Problem to solve → Transcribe the line that contains "Dog Stairs, Pet" and every line after it to the end of the records, exactly and nothing else. Skip the pictures.

========================

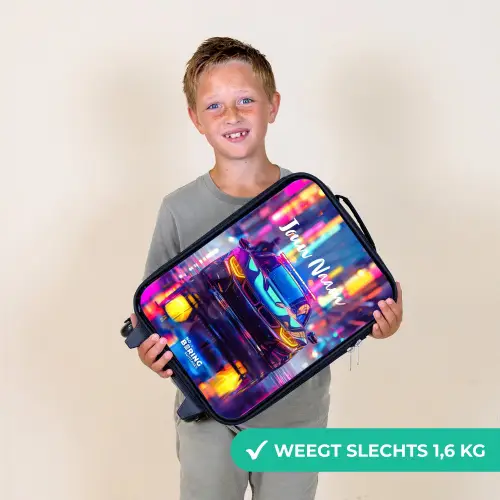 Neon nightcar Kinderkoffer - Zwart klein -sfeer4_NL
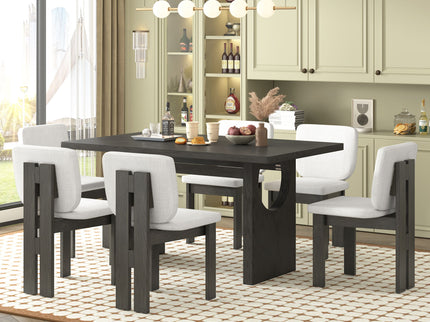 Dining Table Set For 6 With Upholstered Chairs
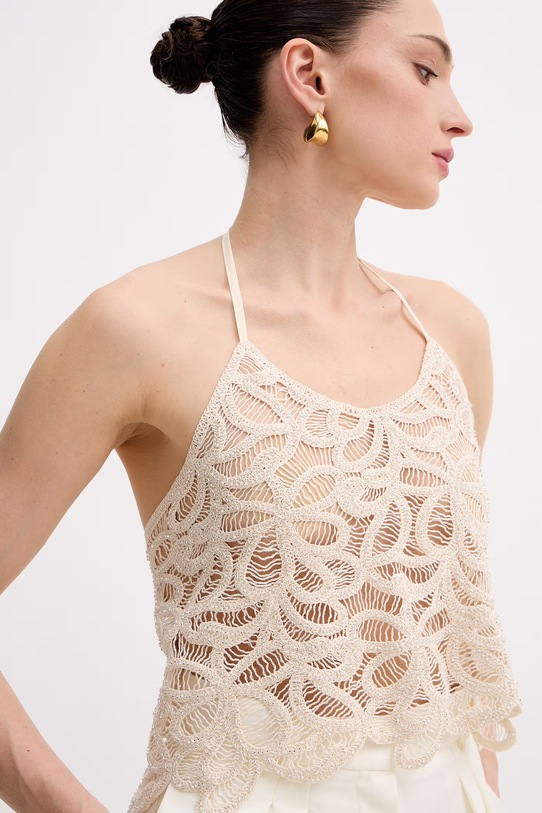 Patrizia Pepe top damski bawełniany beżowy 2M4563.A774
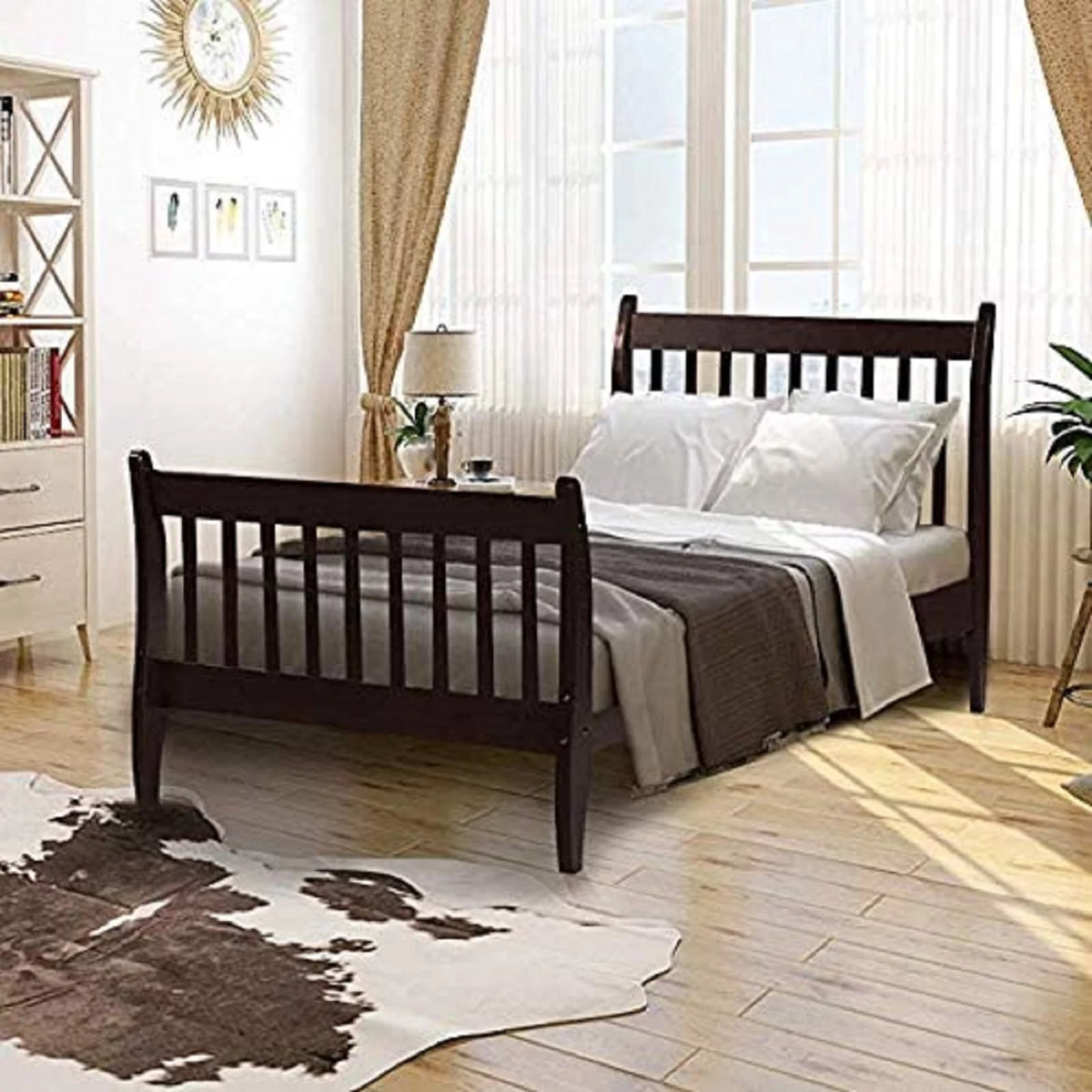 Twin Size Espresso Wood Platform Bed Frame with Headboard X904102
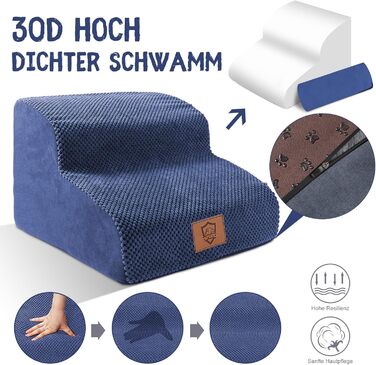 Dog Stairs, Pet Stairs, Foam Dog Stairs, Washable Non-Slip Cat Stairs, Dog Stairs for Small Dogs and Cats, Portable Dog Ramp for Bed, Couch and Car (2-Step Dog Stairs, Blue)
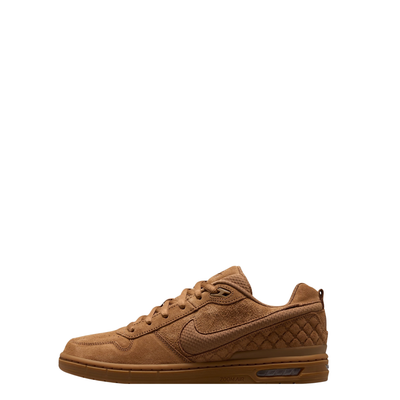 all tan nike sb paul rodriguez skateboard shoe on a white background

========================

Task response →
 Dog Stairs, Pet Stairs, Foam Dog Stairs, Washable Non-Slip Cat Stairs, Dog Stairs for Small Dogs and Cats, Portable Dog Ramp for Bed, Couch and Car (2-Step Dog Stairs, Blue)
 all tan nike sb paul rodriguez skateboard shoe on a white background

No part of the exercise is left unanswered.